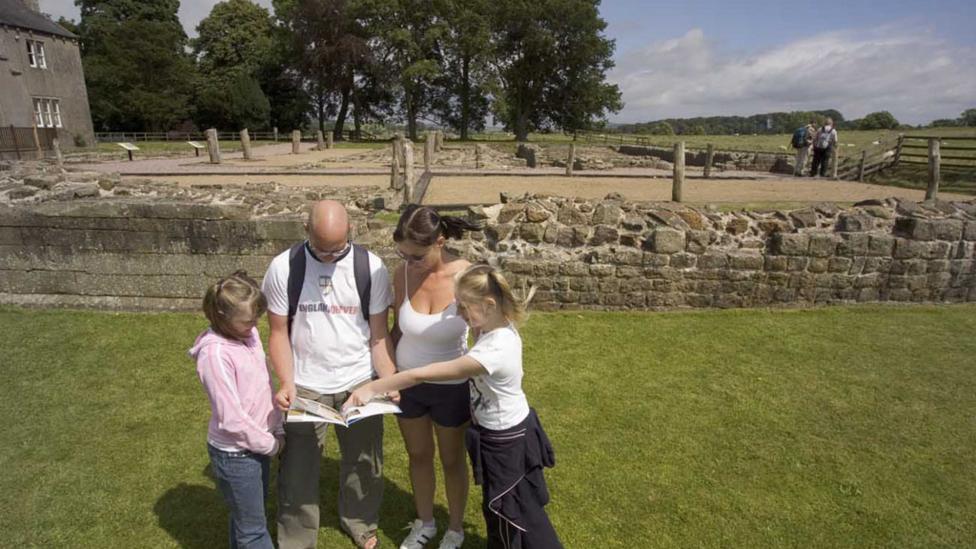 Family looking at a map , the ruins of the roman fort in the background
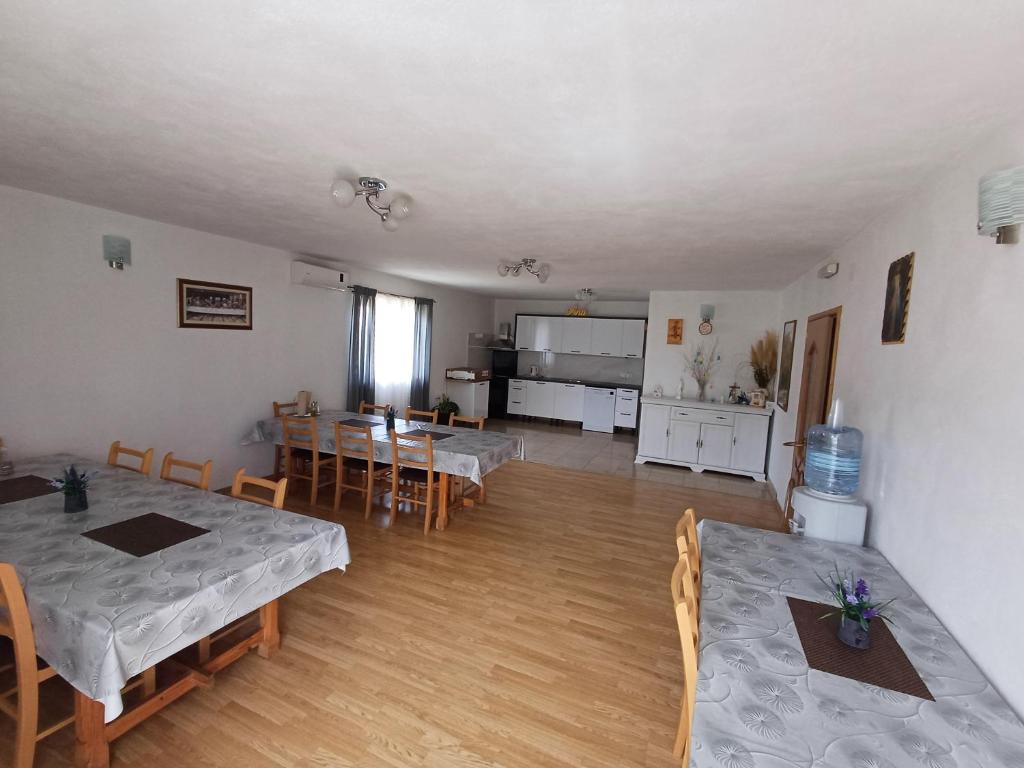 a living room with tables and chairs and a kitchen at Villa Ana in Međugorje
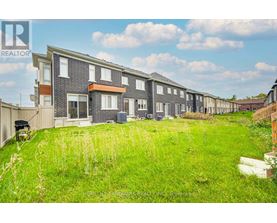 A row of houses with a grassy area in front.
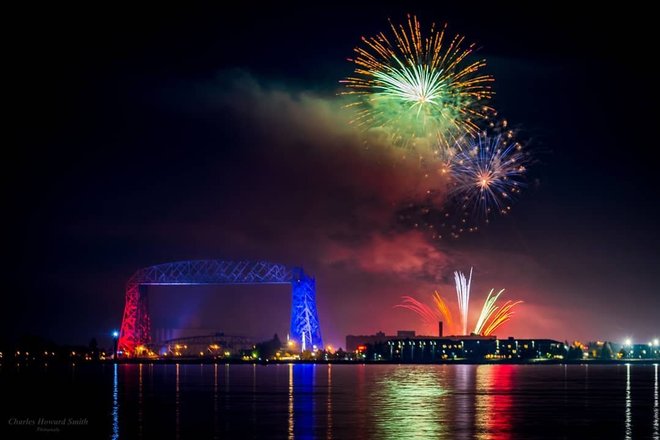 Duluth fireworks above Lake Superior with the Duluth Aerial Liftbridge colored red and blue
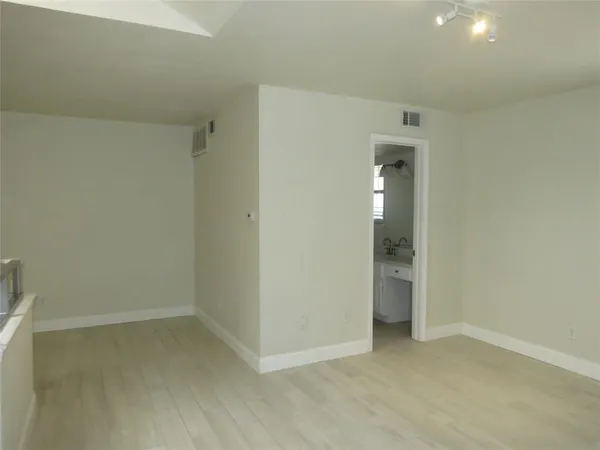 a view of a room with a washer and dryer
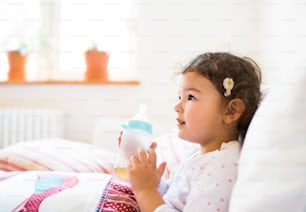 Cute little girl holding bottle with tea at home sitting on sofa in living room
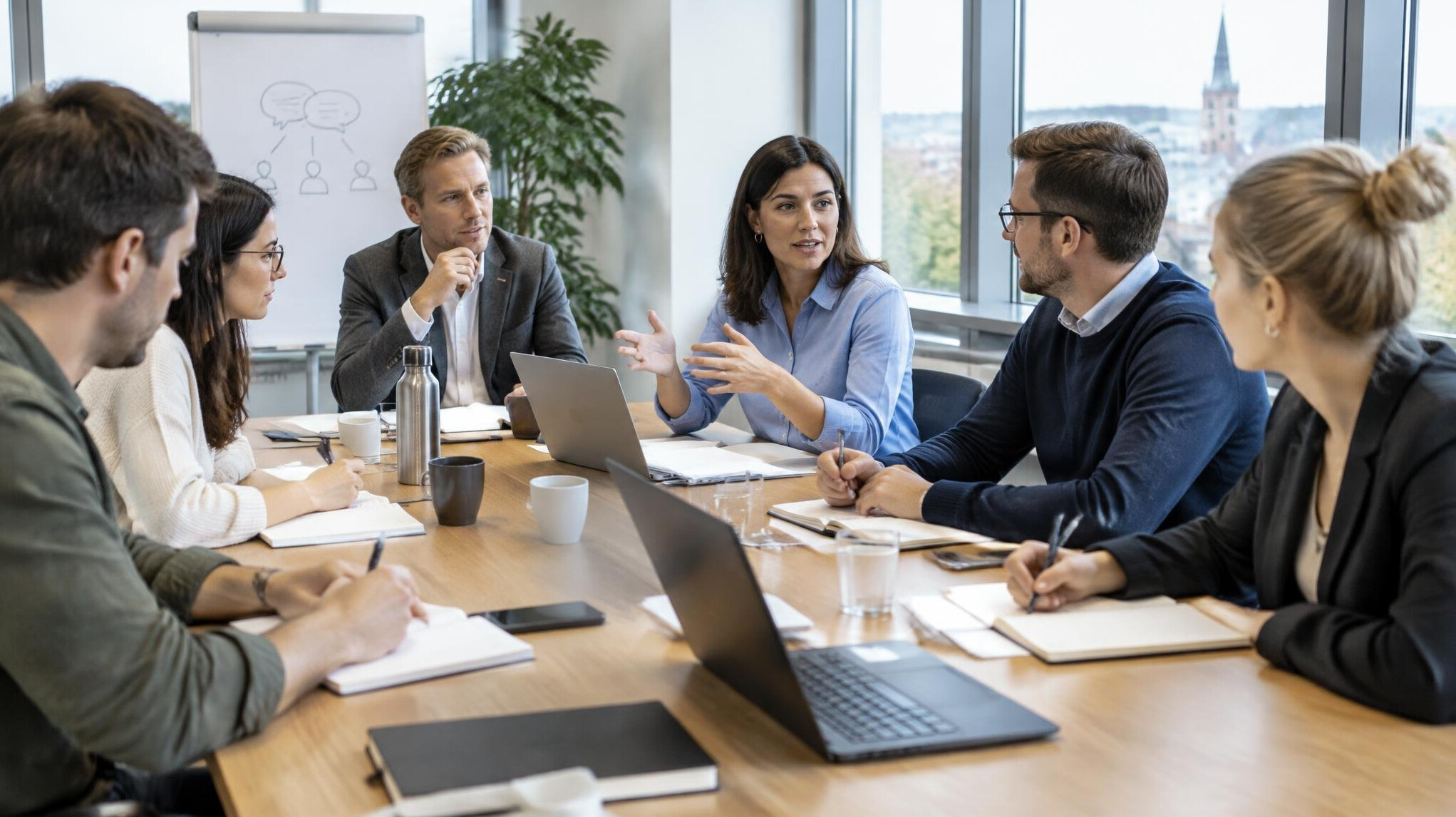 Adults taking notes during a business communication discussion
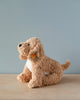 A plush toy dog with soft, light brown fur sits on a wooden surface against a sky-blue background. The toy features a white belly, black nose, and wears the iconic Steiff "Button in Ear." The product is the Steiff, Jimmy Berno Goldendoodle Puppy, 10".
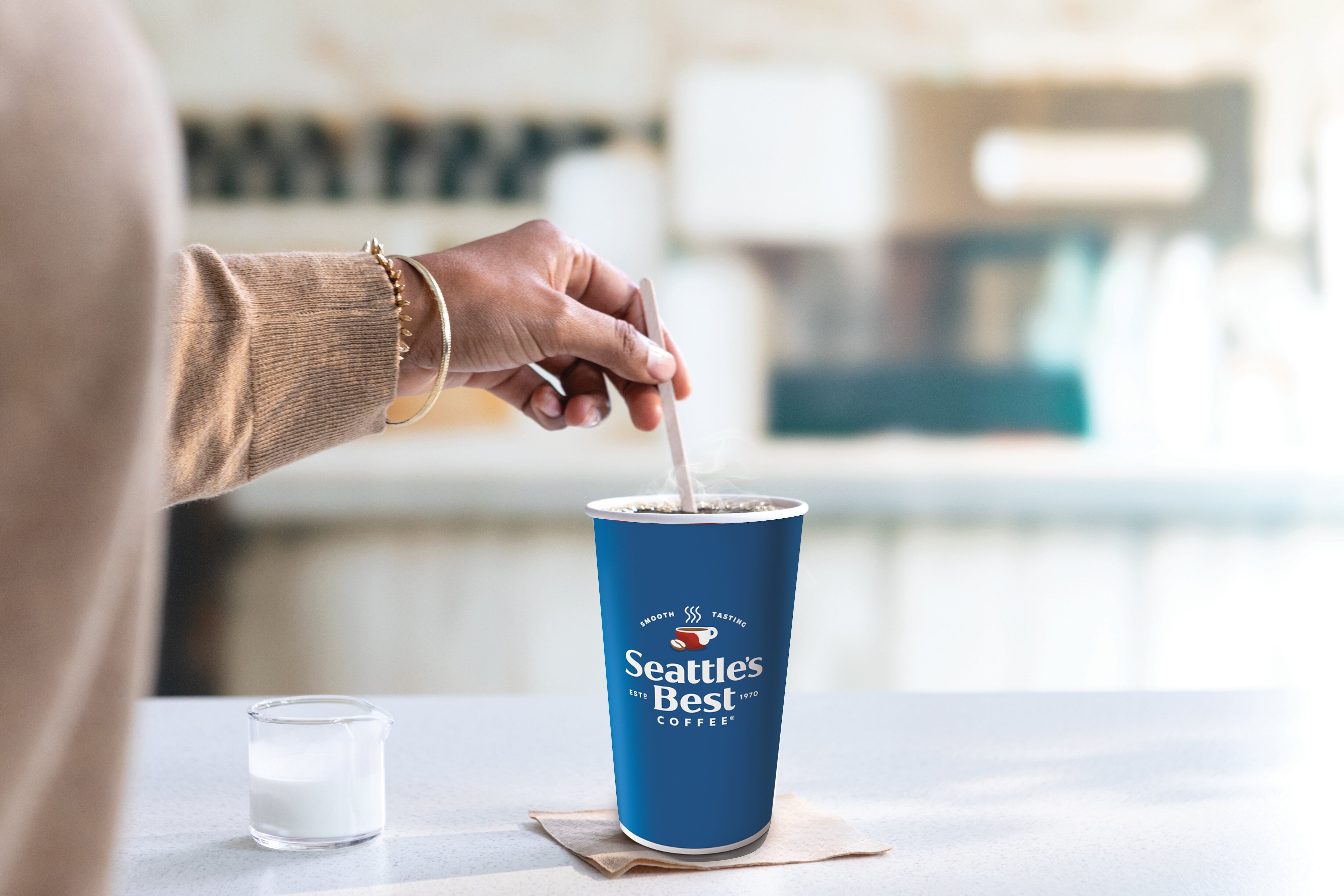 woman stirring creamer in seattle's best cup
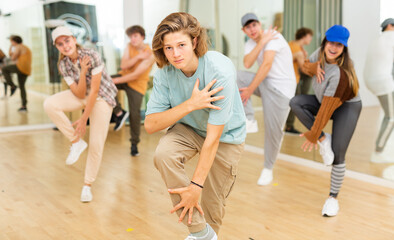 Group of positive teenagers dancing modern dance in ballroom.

• • • • •

Task details: Could you repeat, exactly and with nothing else, the lines from the first line of the records through the line containing "Adults taking notes"? Leave out the pictures.

Answer space:
 Family looking at a map , the ruins of the roman fort in the background
 a living room with tables and chairs and a kitchen at Villa Ana in Međugorje
 A row of houses with a grassy area in front.
 Duluth fireworks above Lake Superior with the Duluth Aerial Liftbridge colored red and blue
 a view of a room with a washer and dryer
 Cute little girl holding bottle with tea at home sitting on sofa in living room
 Adults taking notes during a business communication discussion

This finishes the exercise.